Meet the FoQaCiA partners: University of Granada
The University of Granada FoQaCiA node is coordinated by PI Jara Juana Bermejo-Vega, with contributions to all scientific workpackages of the project, notably to WP2 on the complexity of classical simulation of quantum computation.
Some of the recent output of the Granada node includes an open software package for improved simulation of certain non-Clifford unitary gates, and a paper on the efficient experimental verification of graph states, useful in measurement-based quantum computation. You can watch a talk Jara Juana gave on this topic in this year’s FoQaCiA workshop, available here, with the following summary:
Speaker: Jara Juana Bermejo-Vega (Univ. of Granada)

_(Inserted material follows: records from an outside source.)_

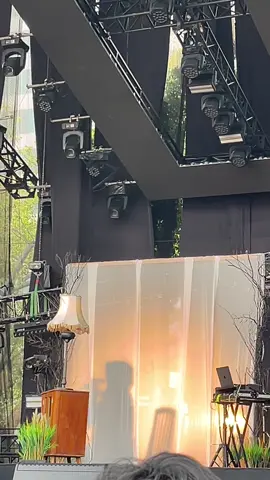 Jarang dibawain @Hindia sekalinya denger langsung dibawain sama @Bernadya  #bernadya #membasuh #pestapora #2025 #hindia 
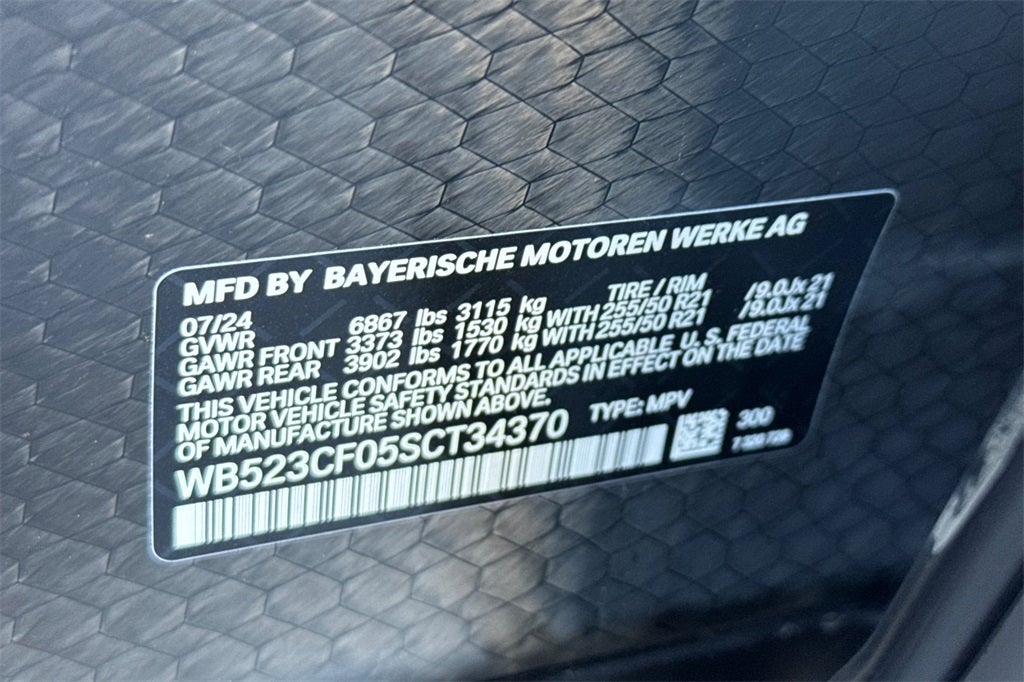 2025 BMW iX xDrive50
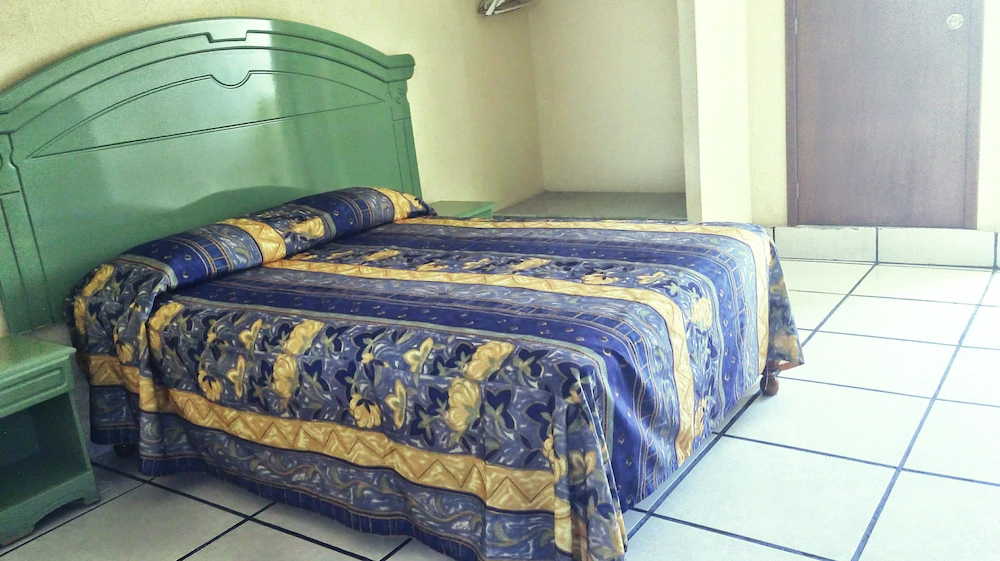 Hotel Plaza Jardín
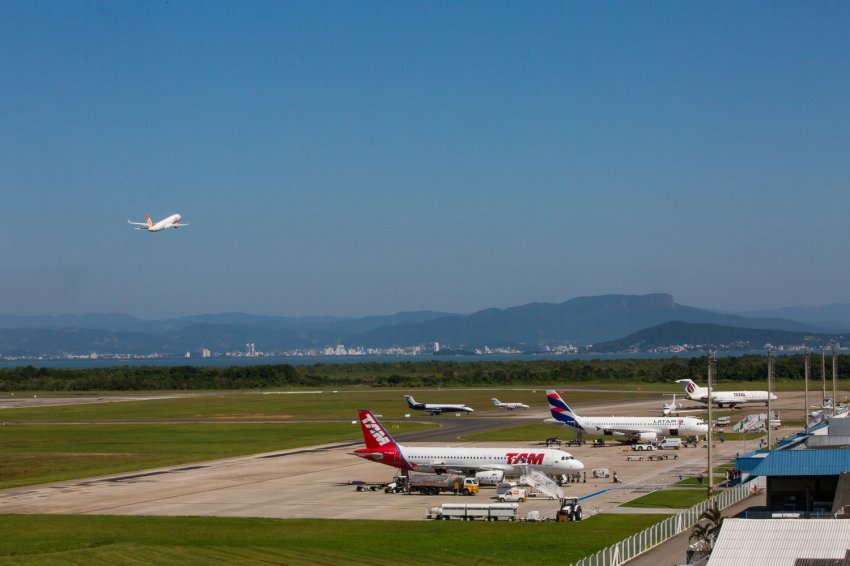 Em 2023, a movimentação de cargas e passageiros nos aeroportos de Santa Catarina registrou um crescimento significativo, superando a média nacional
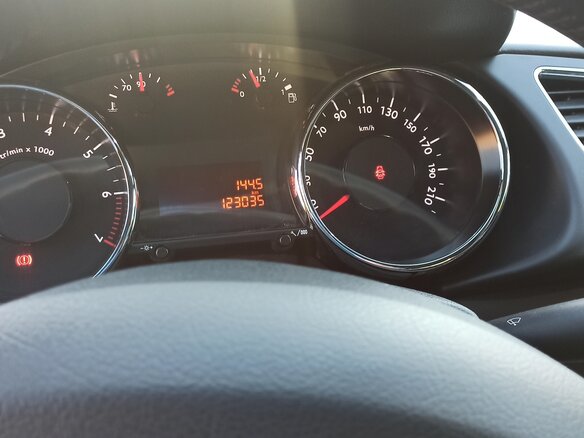 2011 Peugeot 3008 I, чёрный, 680000 рублей - вид 4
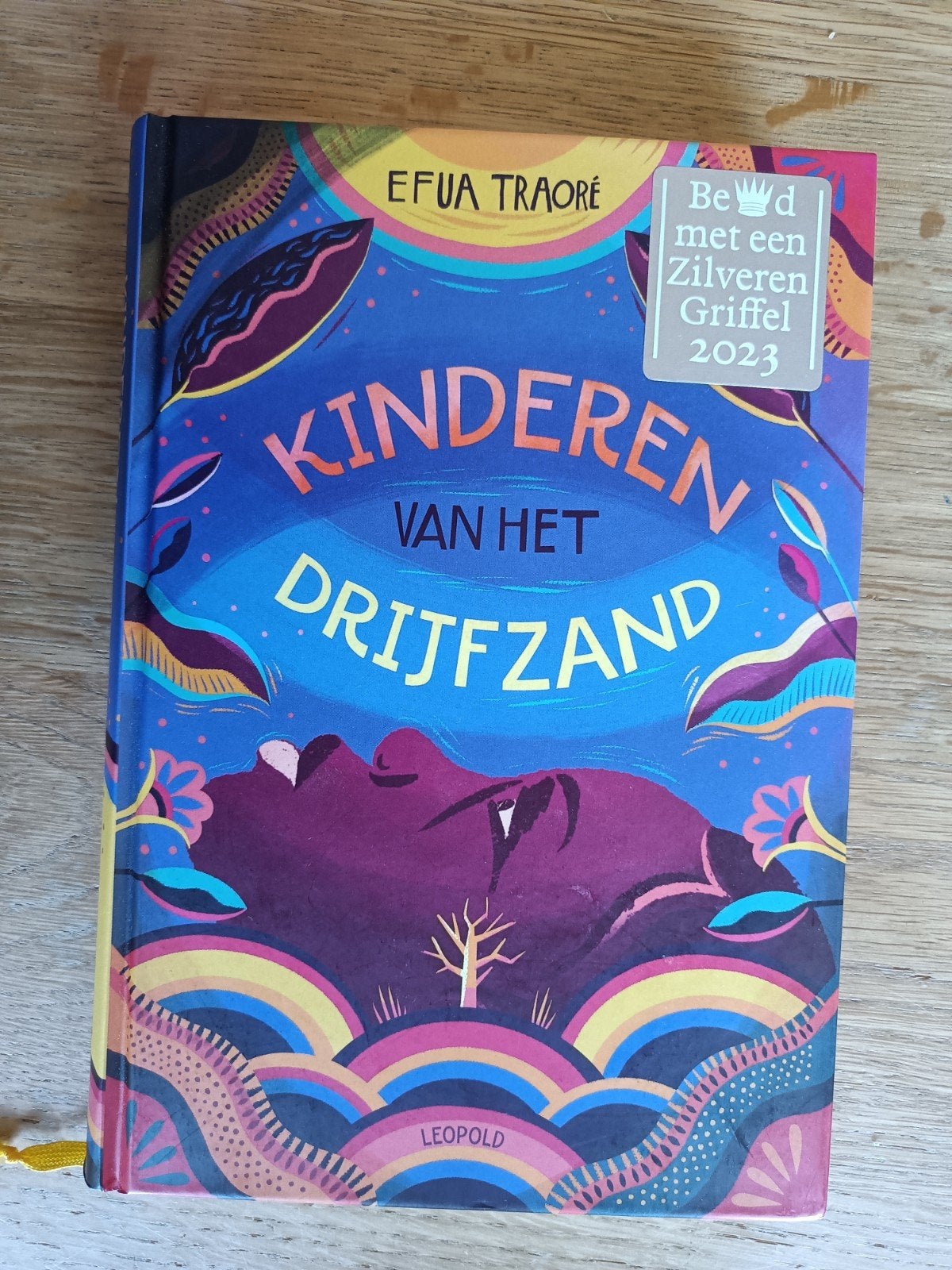 Efua Traoré - Kinderen van het drijfzand, Ophalen of Verzenden, Zo goed als nieuw, Fictie, Efua Traoré
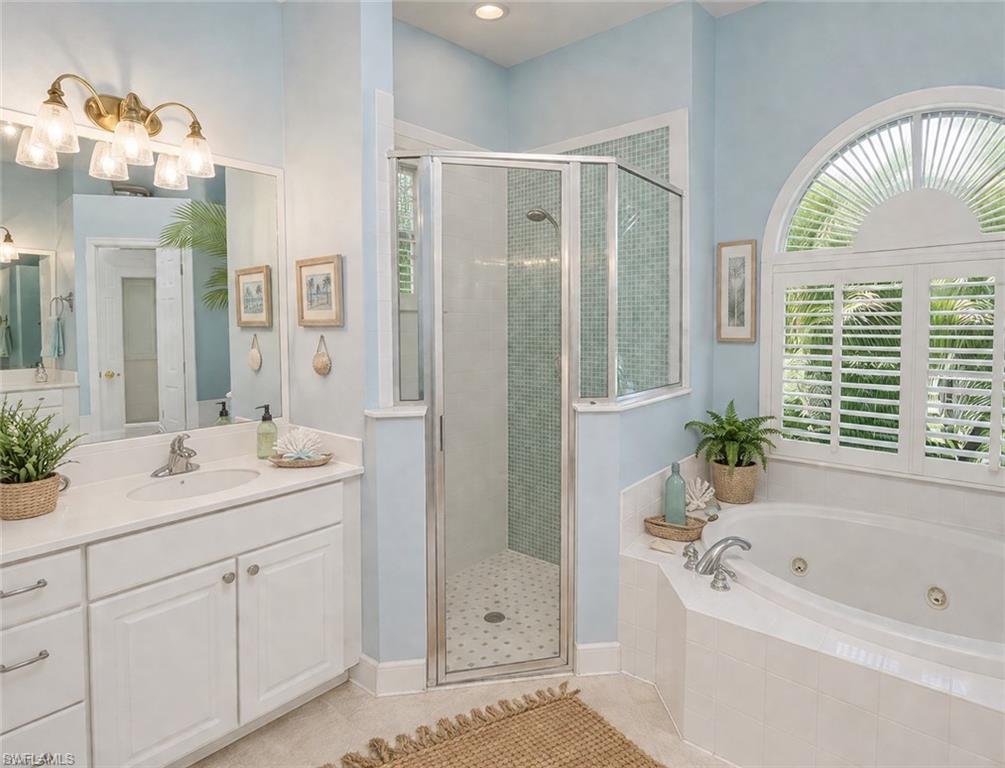 CALUSA PALMS - Residential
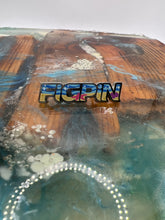 Load image into Gallery viewer, FiGPiN Logo Beach L31 UnLocked No Backer Card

Title: Reliable quantum computational advantages from quantum simulation
Abstract: Demonstrating quantum advantages in near term quantum devices is a notoriously difficult task. Ongoing efforts try to overcome different limitations of quantum devices without fault-tolerance, such as their limited system size or obstacles towards verification of the outcome of the computation. Proposals that exhibit more reliable quantum advantages for classically hard-to-simulate verifiable problems lack, at the same time, practical applicability. In this talk we will review different approaches to demonstrate quantum advantages inspired from many-body quantum physics. The first of them use entangled quantum resources such as cluster states, which are useful to demonstrate verifiable quantum advantages based on sampling problems (Theory proposal Phys. Rev. X 8, 021010, 2018 and recent experimental demonstration arXiv preprint arXiv:2307.14424). The second probe measurement of many-body quantities such as dynamical structure factors in quantum simulation setups (Proceedings of the National Academy of Sciences 117 (42), 26123-26134).
About FoQaCiA
The FoQaCiA project aims to advance the understanding of the fundamental principles and methodologies that underpin the development of quantum algorithms. This includes exploring new algorithmic frameworks, optimizing existing quantum processes, and identifying innovative approaches to leverage quantum computing's unique capabilities. The project involves 11 partners from Canada and the EU and is funded by NSERC, the European Commission, and UKRI. The project started in October 2022 and has already resulted in 7 open software packages and 57 preprints and papers, among other outputs.